The roots of f(x) are known or are easily found. Use 5 iterations of Newton’s Method with the given initial approximation to approximate the root. Compare it to the known value of the root. \(f(x) = x^2 + x - 2\) initial \(x_0 = 0\)
We use Newton’s Method to approximate the roots of the function \(f(x) = x^2 + x - 2\) with an initial guess of \(x_0 = 0\). Newton’s method uses the formula:
\[ x_{n+1} = x_n - \frac{f(x_n)}{f'(x_n)} \]
to converge to the roots of a given function.
f <- function(x) {
x^2 + x - 2
}
df <- function(x) {
2 * x + 1
}We will now perform 5 iterations of Newton’s method.
x_new <- 0
iterations <- 5
# Newton's method iterations
for (i in 1:iterations) {
x_new <- x_new - f(x_new) / df(x_new)
print(paste("Iteration", i, ": x =", x_new))
}## [1] "Iteration 1 : x = 2"
## [1] "Iteration 2 : x = 1.2"
## [1] "Iteration 3 : x = 1.01176470588235"
## [1] "Iteration 4 : x = 1.00004577706569"

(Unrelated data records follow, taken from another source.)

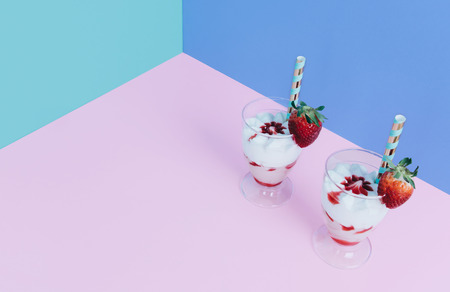 Milkshake with straw and strawberry.の写真素材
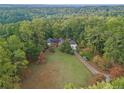 Expansive aerial view of a home nestled among lush, mature trees and a well-kept lawn and driveway at 6791 Yacht Club Dr, Acworth, GA 30102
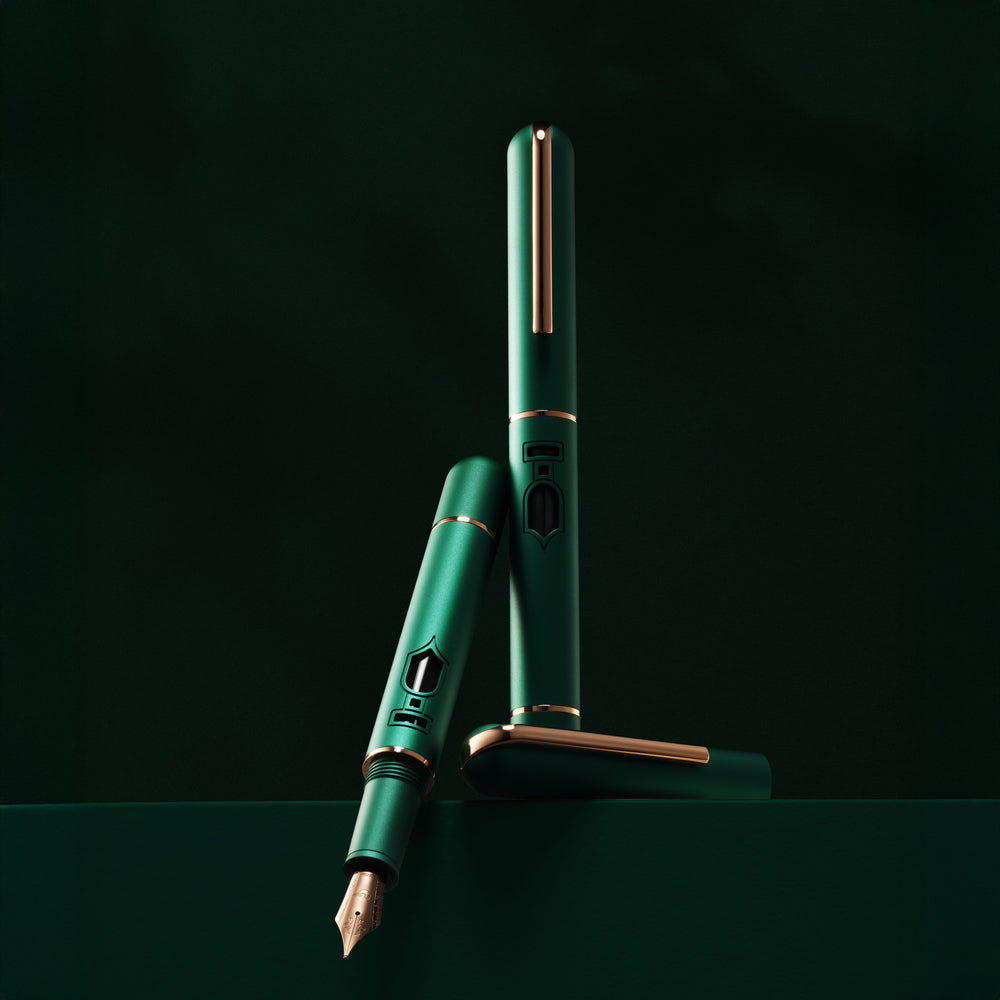 
                  
                    Green fountain pen with gold accents on a dark background
                  
                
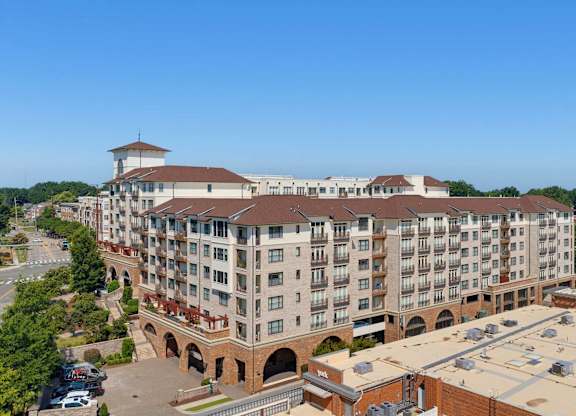 Aerial of the apartment building's roofline and balconies, with the arched brick arcade and parking at street level.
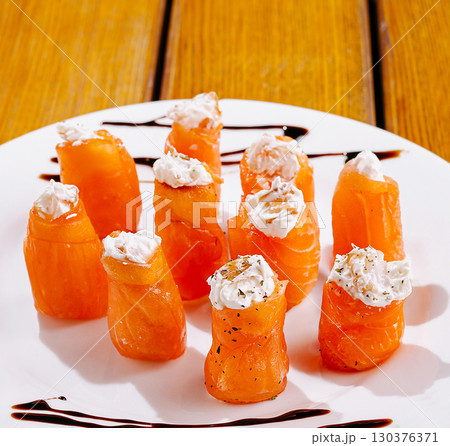 Creative sushi rolls made with smoked salmon and cream cheese on a white plate Creative sushi rolls made with smoked salmon and cream cheese on a white plate 130376371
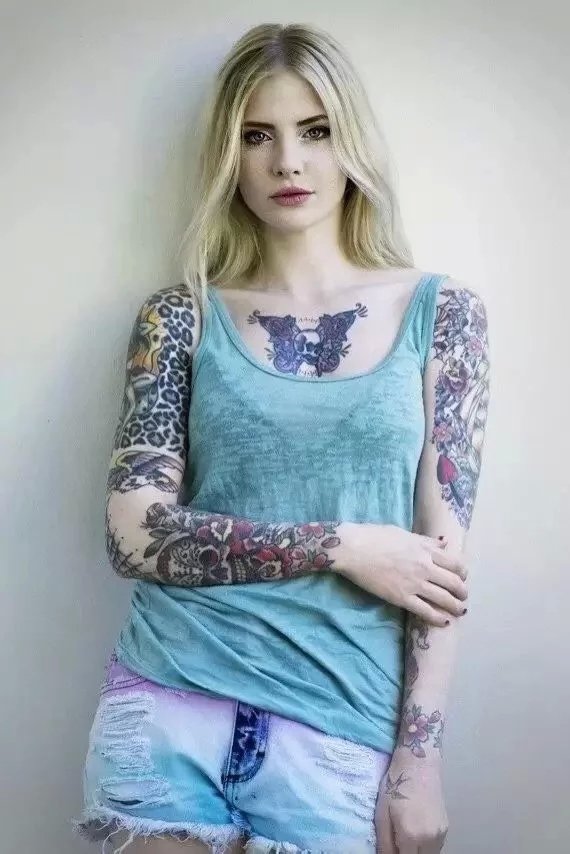 点击大图看下一张：美女双花臂纹身图案大全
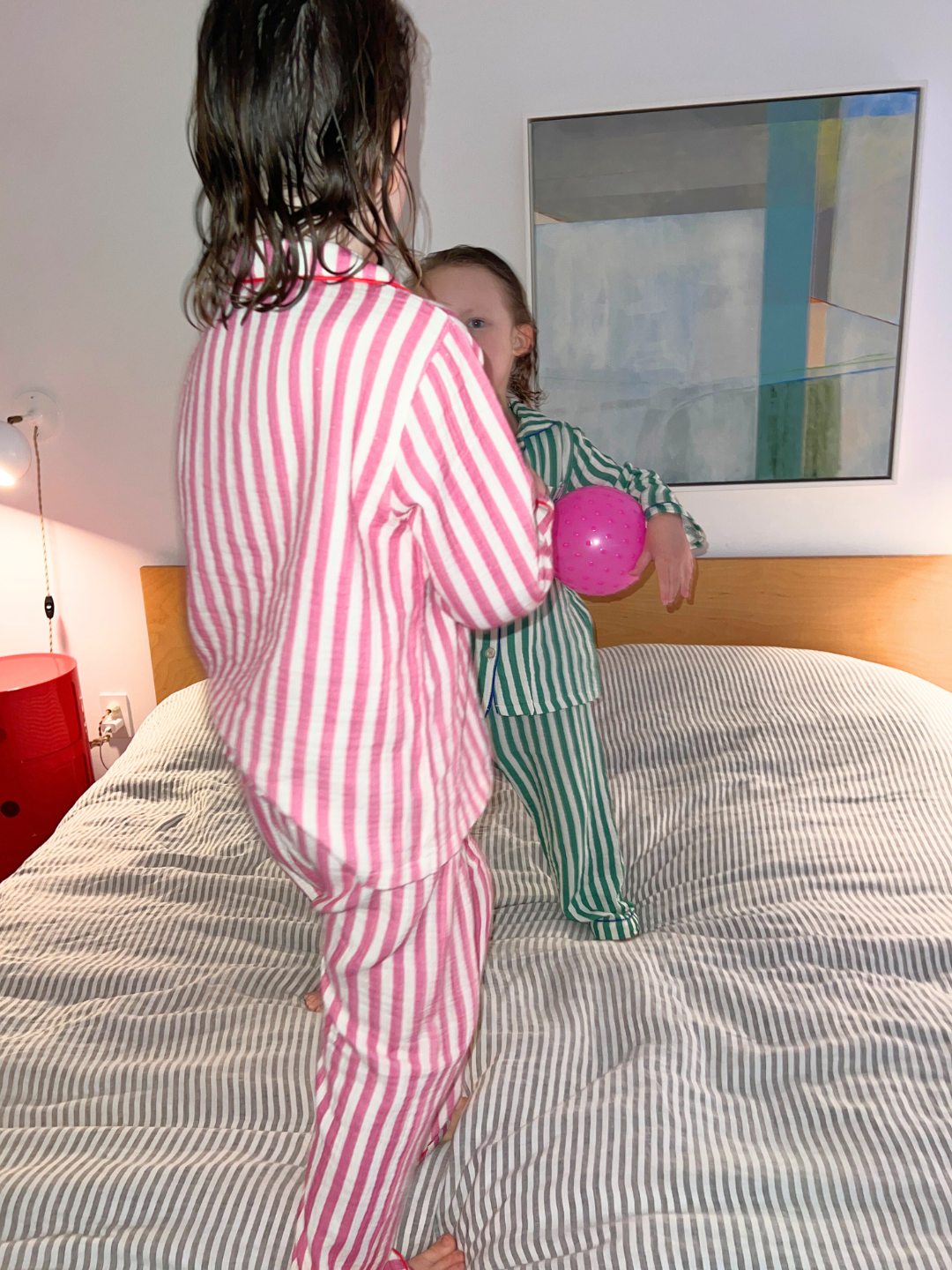 Two children in the MOVIE NIGHT SET, a striped cotton muslin ensemble, are on a bed. One holds a pink ball. The room is cozy with a painting on the wall and a red nightstand.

## [1] "Iteration 5 : x = 1.00000000069849"These approximations indicate the method converging slowly towards the root \(x = 1\). The actual roots of the equation, found by factoring/the quadratic formula, are \(x = -2\) and \(x = 1\). Since initial guess 0 is closer to 1 than to -2, the iterations move towards 1.